What this task involves: Word for word, restate the lines from the one containing "Used Volkswagen Passat" through the last line of the material, and include no pictures.

Supplied data:
————————
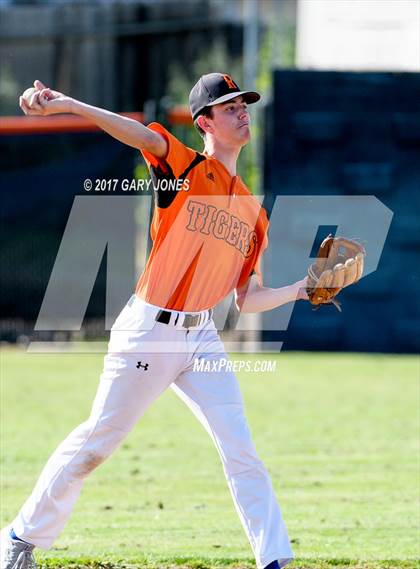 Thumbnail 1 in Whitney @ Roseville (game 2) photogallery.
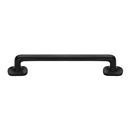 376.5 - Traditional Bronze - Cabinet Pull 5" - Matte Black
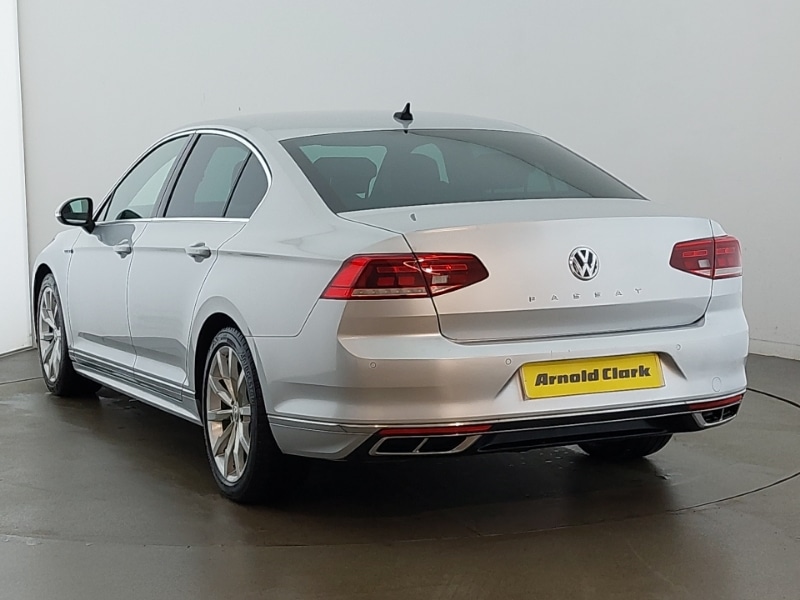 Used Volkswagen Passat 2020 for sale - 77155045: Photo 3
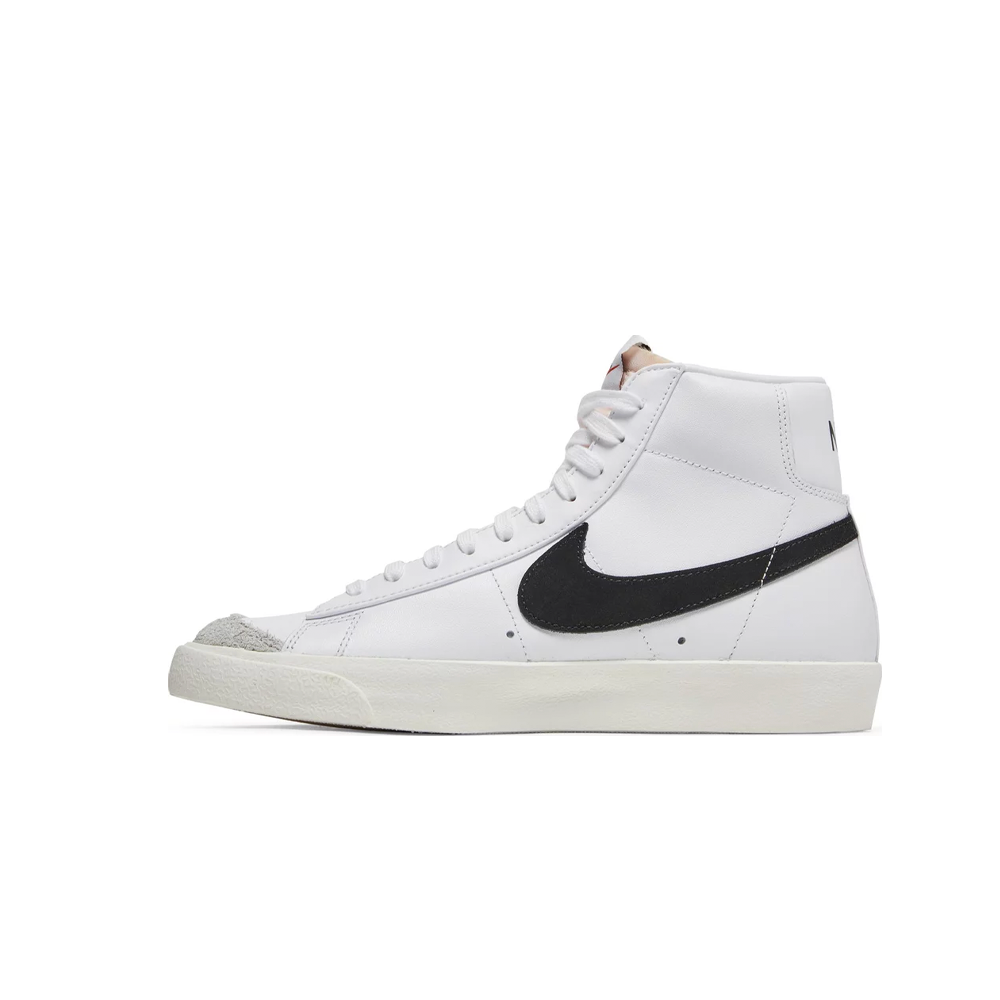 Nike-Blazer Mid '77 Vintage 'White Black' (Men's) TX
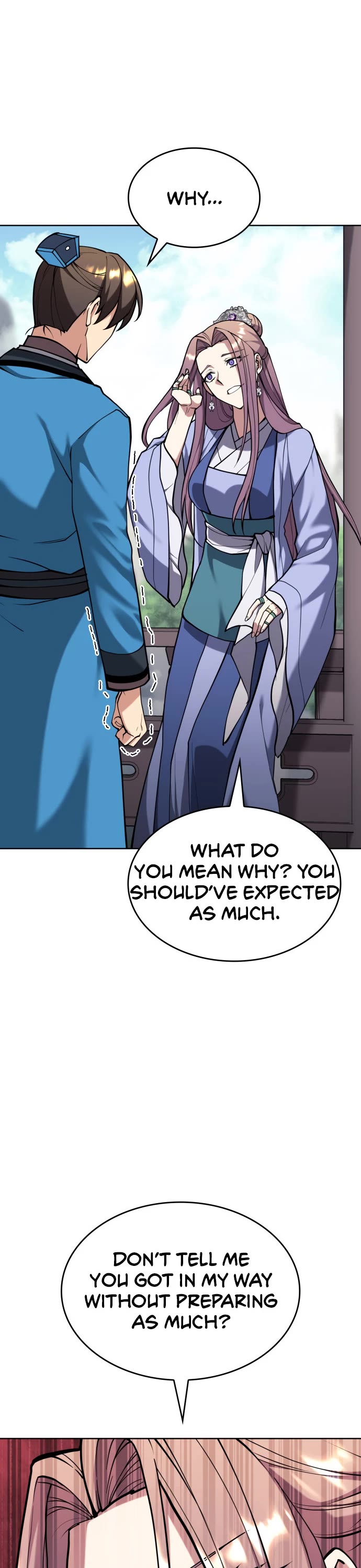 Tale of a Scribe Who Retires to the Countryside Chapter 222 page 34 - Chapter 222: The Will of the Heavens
————————
Task answer:
 Used Volkswagen Passat 2020 for sale - 77155045: Photo 3
 Nike-Blazer Mid '77 Vintage 'White Black' (Men's) TX
 Tale of a Scribe Who Retires to the Countryside Chapter 222 page 34 - Chapter 222: The Will of the Heavens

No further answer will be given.